Few problems can’t be soothed by a good cup of tea. And a biscuit for dunking. Maybe a whole pack of biscuits. For the real disasters, throw in a brownie or two. Definitely two. Lashings of cream. Tragedies call for a roast dinner - with all the trimmings, of course. Yorkshire puds swimming in gravy, pigs in blankets and roast potatoes dripping in goose fat.
The bigger the break-up, the more calamitous the job interview or the more horrific the drunken antics at the work Christmas party, the more those who love us pile food on the table. When they can’t fix our problems, they cook. What they can’t solve, they slather in butter and pile on to our plates.
This link between food and love is well known. Less understood – until now – is the link between love and food waste.
A study published this week in the Journal of Food Products Marketing, and carried out by the Cornell Food and Brand Lab, found our cross-culture tendency to express our affection in the size of the meals we provide is a huge contributor to what households throw away each year.
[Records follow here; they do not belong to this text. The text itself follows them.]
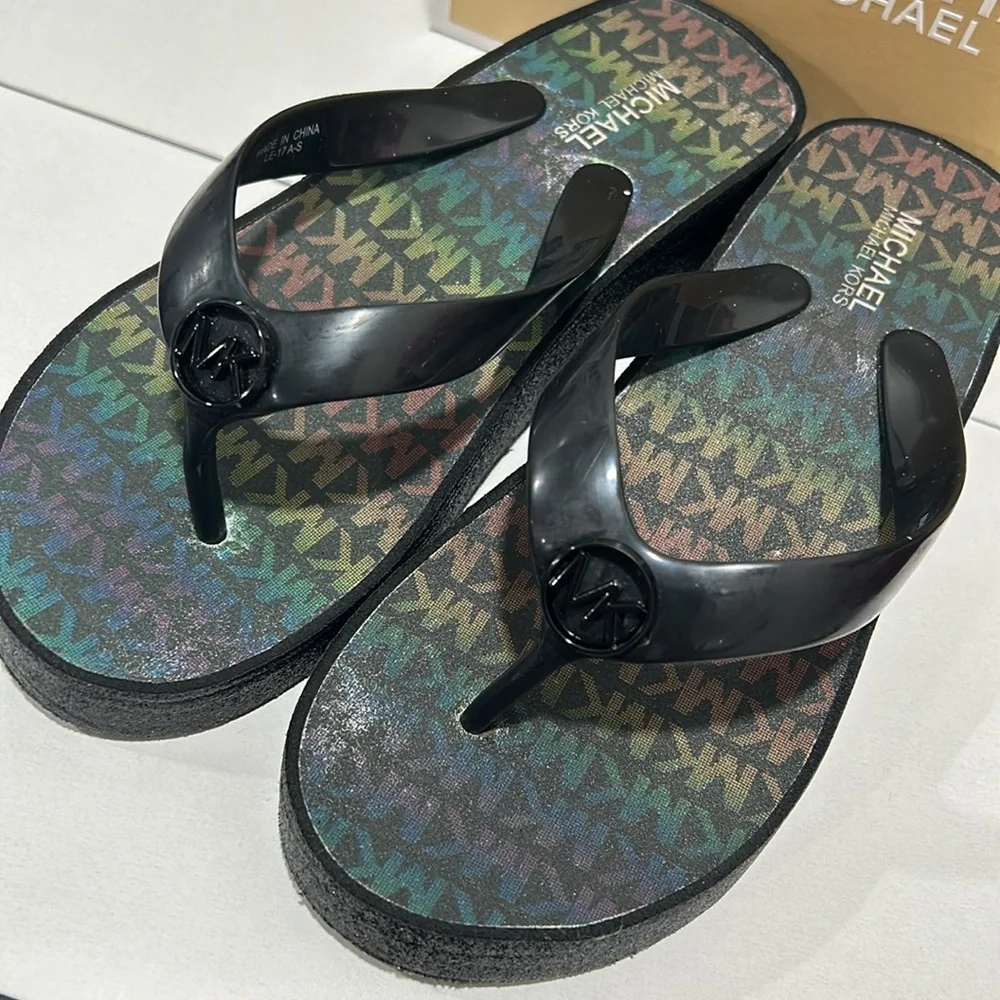 Michael Michael Kors black multi girls sandals size 2 GUC
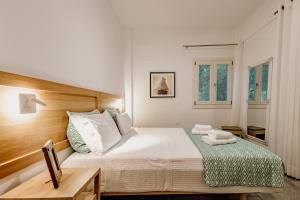 Posteľ alebo postele v izbe v ubytovaní Chrisi Holiday Home - 500 sqm Private Gardens & Nature View - 300m by the sea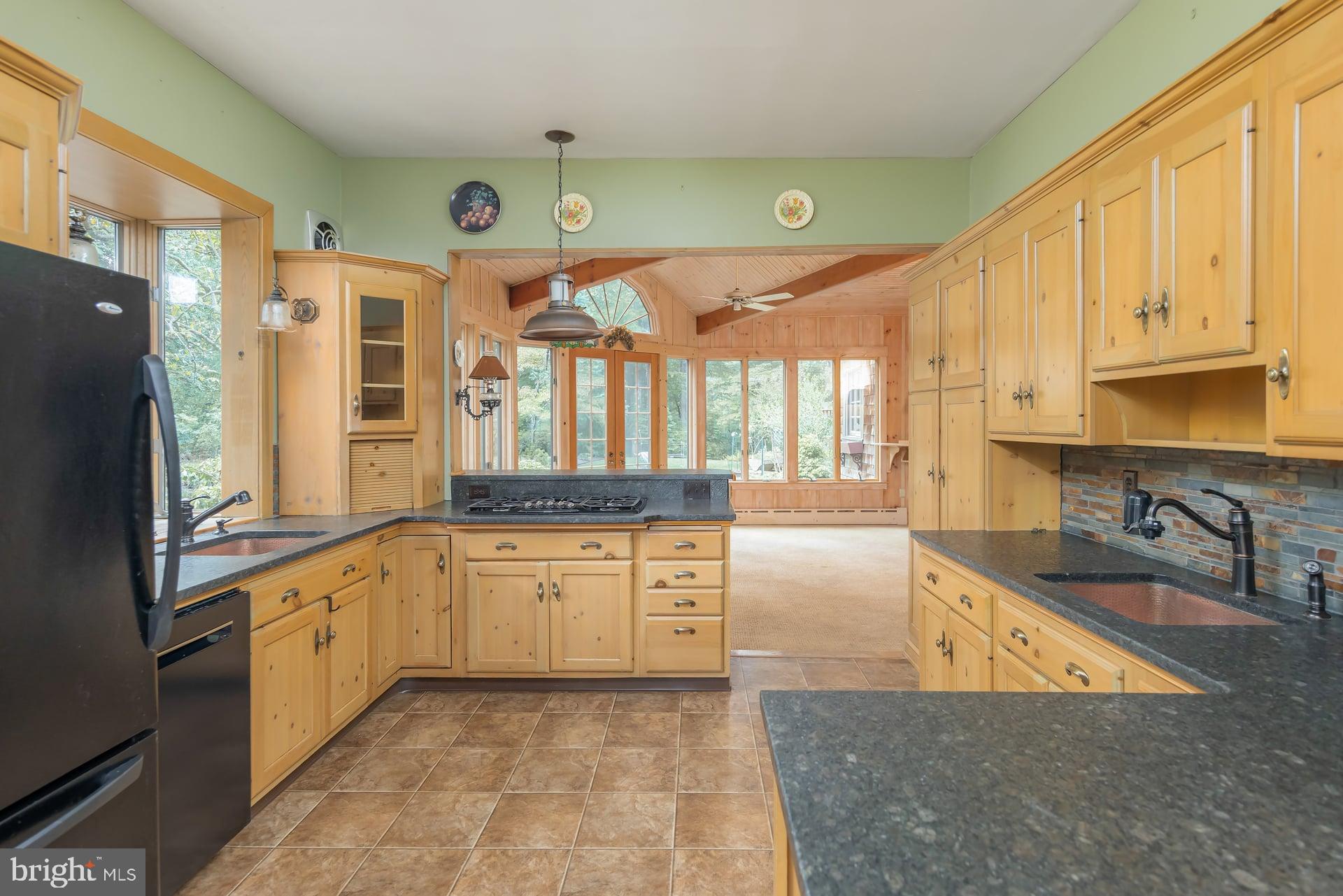 320 Center Street Sewell, NJ 08080 - Photo 39 of 62 Gallery Image 39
Mothers serving up large portions accrue unhealthy volumes of leftovers, they found, as do families that have come from poor backgrounds and overstock food as a precaution. Caregivers concerned they’re serving up junk food also supplement with far too many side dishes of healthy alternatives, which are then chucked in the bin or left to rot in the back of the fridge.
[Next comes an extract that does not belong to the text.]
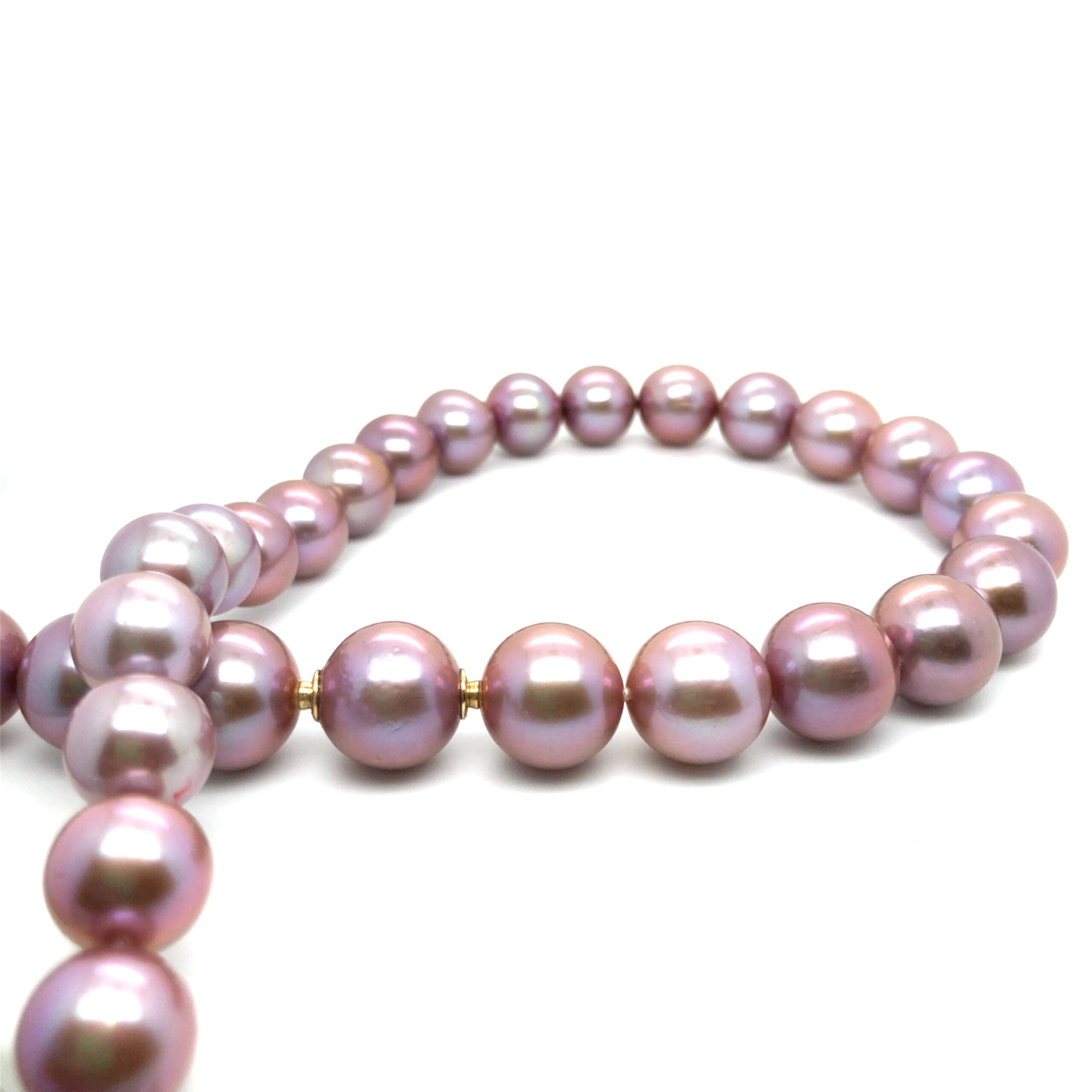 Die Mingperlcollier in Aubergine Farbe ist 45 cm lang und verfügt über eine praktische Wechselschließentechnik. Tragen Sie es alleine für einen eleganten Look oder kombinieren Sie es mit anderen Schmuckstücken für einen individuellen Stil. Die zarte Farbe passt perfekt zu verschiedenen Outfits und Anlässen. Das ideale Accessoire für modebewusste Frauen.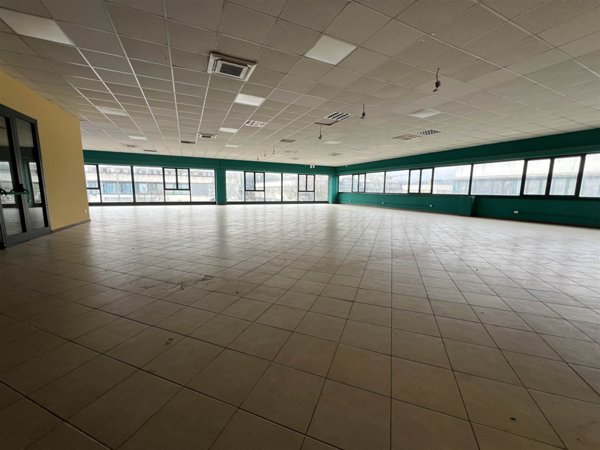 locale commerciale in affitto a Figline e Incisa Valdarno in zona Massa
“It’s kind of ironic,” says lead author Gustavo Porpino. “Caregivers do everything they can to fit the traditional role of a ‘good mother’. They keep the house fully stocked with all kinds of food, provide snacks and treats in between meals, and make sure everyone has more than enough on their plates at the table, but it’s these same behaviours that lead to wasted food, wasted money, and even to obesity.”
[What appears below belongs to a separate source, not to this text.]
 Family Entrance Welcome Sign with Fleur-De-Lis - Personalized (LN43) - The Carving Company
The solution to this love/food conundrum is tricky, however. Porpino recommends better education on how to manage our pantries, positive marketing campaigns on consuming leftovers and drilling home to families the cash they’re throwing away along with that half-eaten pork joint.
But at the end of the day, piling up the chocolate biscuits in front of a weeping friend is a tried and tested method for showing we care. Breaking that habit won’t be easy.